As Prelogar told Alito, EMTALA reconciles the dual obligations it imposes on hospitals to treat both a pregnant patient and the patient’s fetus by only requiring the hospital to “offer” stabilizing care for both patients — so, in the tragic case where only the mother or the fetus could be saved, the hospital must offer both treatments and honor the mother’s choice.

A second argument for limiting EMTALA, which was at times floated by Thomas, Alito, Gorsuch, and Barrett, is that reading the statute according to its actual text would raise a constitutional problem.

EMTALA imposes an obligation on hospitals that accept Medicare funds, and the Supreme Court has long held that Congress may impose requirements on parties that voluntarily accept federal funding. The constitutional argument is that Congress could not use federal funding provided to a private hospital to neutralize a state ban on abortion because the state of Idaho must also consent to having its law altered in this way.

There is some case law that provides theoretical support for this argument, but the bulk of the Court’s case law already establishes that a federal grant program that provides money to private parties may displace state law. Thus, for example, in Coventry Health Care v. Nevils (2017), the Court held that the federal government’s decision to offer its own employees health plans that violate Missouri law preempts that state law. And in Bennett v. Arkansas (1988), the Court held that federal Social Security law overrides an Arkansas law that allowed the state to seize an incarcerated person’s Social Security benefits.

The Court could conceivably repudiate precedents like Coventry and Bennett, but that would have unpredictable consequences for all sorts of federal programs. Federal spending programs like Medicare, Social Security, and Medicaid are riddled with provisions that might conflict with one state law or another. And if the Supreme Court declares that these state law provisions overcome federal Medicare, Social Security, or Medicaid law, that is likely to disrupt those and other programs in erratic ways.

That leaves one other way to achieve an anti-abortion outcome in the Moyle case, whose biggest proponent was Kavanaugh.
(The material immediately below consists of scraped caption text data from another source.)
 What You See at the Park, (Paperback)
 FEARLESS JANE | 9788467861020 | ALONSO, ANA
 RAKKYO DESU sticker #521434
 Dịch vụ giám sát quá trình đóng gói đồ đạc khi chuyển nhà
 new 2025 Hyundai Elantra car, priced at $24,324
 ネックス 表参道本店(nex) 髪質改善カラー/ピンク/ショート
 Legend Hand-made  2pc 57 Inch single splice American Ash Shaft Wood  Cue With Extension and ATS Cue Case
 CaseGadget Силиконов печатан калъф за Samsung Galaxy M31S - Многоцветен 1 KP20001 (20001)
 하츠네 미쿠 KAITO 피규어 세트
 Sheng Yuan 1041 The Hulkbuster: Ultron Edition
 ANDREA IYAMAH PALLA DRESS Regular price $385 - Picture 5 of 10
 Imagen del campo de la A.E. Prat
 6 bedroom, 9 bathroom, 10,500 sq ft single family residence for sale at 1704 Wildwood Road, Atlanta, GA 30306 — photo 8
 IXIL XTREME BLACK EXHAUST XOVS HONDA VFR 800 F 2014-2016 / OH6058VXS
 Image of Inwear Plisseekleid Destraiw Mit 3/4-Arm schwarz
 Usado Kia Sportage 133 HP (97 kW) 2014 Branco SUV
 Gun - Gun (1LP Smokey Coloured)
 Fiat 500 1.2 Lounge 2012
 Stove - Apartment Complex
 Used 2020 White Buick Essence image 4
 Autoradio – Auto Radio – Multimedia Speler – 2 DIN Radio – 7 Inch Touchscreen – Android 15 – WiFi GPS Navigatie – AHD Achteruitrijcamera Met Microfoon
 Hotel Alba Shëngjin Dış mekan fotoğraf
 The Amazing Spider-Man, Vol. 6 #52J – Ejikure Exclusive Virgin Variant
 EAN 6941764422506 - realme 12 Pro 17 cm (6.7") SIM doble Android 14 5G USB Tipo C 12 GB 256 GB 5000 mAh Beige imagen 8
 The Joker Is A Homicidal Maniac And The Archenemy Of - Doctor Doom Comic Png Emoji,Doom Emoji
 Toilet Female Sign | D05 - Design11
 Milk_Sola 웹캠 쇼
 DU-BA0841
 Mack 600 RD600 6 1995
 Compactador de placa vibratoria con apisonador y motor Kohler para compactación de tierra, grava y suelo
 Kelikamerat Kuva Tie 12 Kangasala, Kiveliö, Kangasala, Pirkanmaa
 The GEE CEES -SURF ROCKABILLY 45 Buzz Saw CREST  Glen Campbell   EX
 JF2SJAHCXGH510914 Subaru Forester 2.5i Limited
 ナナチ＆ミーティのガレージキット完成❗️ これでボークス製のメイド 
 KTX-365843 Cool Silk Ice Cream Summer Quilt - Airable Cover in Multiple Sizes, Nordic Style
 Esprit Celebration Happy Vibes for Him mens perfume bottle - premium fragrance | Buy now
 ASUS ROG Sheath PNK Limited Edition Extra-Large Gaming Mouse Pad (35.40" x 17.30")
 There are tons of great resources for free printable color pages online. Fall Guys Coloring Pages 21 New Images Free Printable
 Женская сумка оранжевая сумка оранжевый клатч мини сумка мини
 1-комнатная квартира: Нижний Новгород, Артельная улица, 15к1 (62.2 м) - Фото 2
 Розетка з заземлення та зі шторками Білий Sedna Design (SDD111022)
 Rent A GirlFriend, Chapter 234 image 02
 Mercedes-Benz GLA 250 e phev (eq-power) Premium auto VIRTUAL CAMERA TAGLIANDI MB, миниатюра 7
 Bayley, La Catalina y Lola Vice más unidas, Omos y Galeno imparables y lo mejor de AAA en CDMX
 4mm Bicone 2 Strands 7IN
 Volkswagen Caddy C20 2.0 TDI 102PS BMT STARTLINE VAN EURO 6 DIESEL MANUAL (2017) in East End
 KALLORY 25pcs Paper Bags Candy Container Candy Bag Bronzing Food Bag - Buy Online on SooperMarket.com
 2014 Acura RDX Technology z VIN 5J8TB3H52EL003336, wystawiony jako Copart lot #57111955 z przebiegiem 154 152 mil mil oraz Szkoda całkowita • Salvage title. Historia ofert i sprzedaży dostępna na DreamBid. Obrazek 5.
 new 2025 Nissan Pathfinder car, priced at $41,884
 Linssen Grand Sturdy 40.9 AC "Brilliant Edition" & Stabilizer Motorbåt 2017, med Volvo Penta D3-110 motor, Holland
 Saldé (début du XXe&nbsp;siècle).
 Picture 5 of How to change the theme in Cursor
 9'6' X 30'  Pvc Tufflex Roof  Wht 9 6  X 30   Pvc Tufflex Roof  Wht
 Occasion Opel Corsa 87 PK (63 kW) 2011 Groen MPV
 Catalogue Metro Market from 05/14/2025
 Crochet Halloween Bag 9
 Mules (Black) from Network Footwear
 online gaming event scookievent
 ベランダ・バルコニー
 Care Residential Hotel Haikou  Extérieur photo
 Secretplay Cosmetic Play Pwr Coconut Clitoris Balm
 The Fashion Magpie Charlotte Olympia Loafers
Kavanaugh noted that Idaho has weakened its abortion ban since this litigation began and that it’s done so in ways that theoretically make it easier for doctors to claim that they needed to perform an abortion to protect a patient’s life. In light of these changes, he suggested that maybe “there shouldn’t be an injunction” against Idaho because it’s not clear that the state’s law still conflicts with EMTALA.

But this argument is hard to square with the facts on the ground in Idaho. As Justice Kagan pointed out close to the end of the argument, hospitals in Idaho are still so uncertain when they can perform an abortion that many of them are flying patients to other states. She noted that just one Idaho hospital had to do so six times so that those patients could receive an emergency abortion in a location where everyone could be sure it was legal.

Idaho’s lawyer, moreover, struggled so hard to explain when Idaho’s law permits a doctor to perform a medically necessary abortion that Barrett accused him of “hedging.” Kavanaugh’s argument, in other words, would require the justices to ignore what’s happening in Idaho and to pretend that Idaho is somehow complying with EMTALA, despite the fact that Idaho’s own lawyer could not explain how its abortion ban works.

So the ultimate question looming over the Moyle case is whether two of the Court’s Republican appointees will be so troubled by the weakness of the anti-abortion arguments in this case, and so embarrassed by the fact that there’s really only one plausible way to read EMTALA, that they will begrudgingly apply the law as written.

That’s not the most likely outcome in this case. But, at the very least, the Court’s Republican majority does not appear to have settled on a way to explain a decision creating an abortion exception to the EMTALA statute.